As software engineers create and evolve information systems to support business practices, these engineers need to address constraints imposed by laws, regulations and policies that govern those business practices. Requirements modeling can be used to extract important legal constraints from laws, and decide how, and evaluate if an information system design complies to applicable laws. To advance research on evaluating requirements modeling formalisms for the representation of legal information, we propose several benchmarks that we believe represent important challenges in modeling laws and requirements governing information systems, and evaluating the compliance of these requirements with laws. While incomplete, the proposed set of benchmarks covers a range of challenges in modeling laws and requirements that we observed in privacy and security law: from the possibility to trace model fragments to law fragments, to the ability to distinguish modalities in law, and to model relations between requirements and law fragments, needed when evaluating compliance.

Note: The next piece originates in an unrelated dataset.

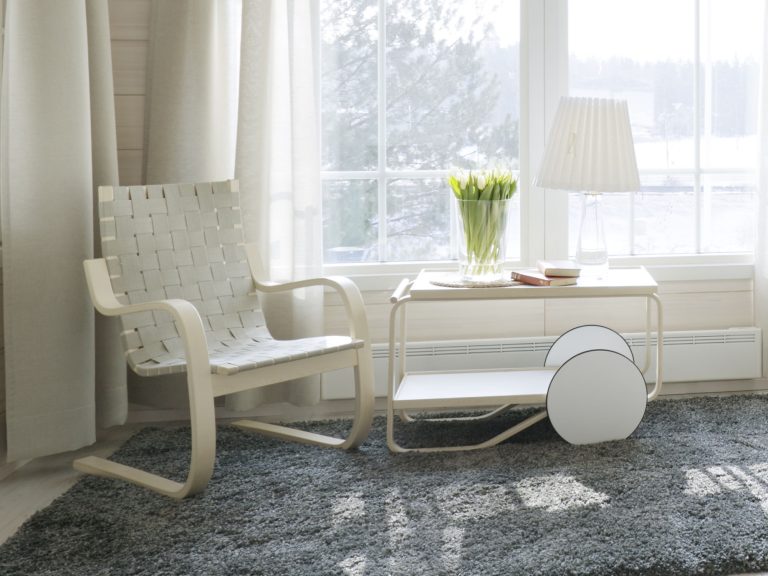 Aalto Tea Trolley 901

Benchmarks can be used as a checklist when designing and discussing requirements formalisms that support legal requirements modeling. Each benchmark is motivated by related work, a brief legal excerpt, and our experience in modeling regulations.

Jureta, I., Breaux, T., Siena, A. and Gordon, D., 2013, July. Toward benchmarks to assess advancement in legal requirements modeling. In 2013 6th International Workshop on Requirements Engineering and Law (RELAW) (pp. 25-33). IEEE.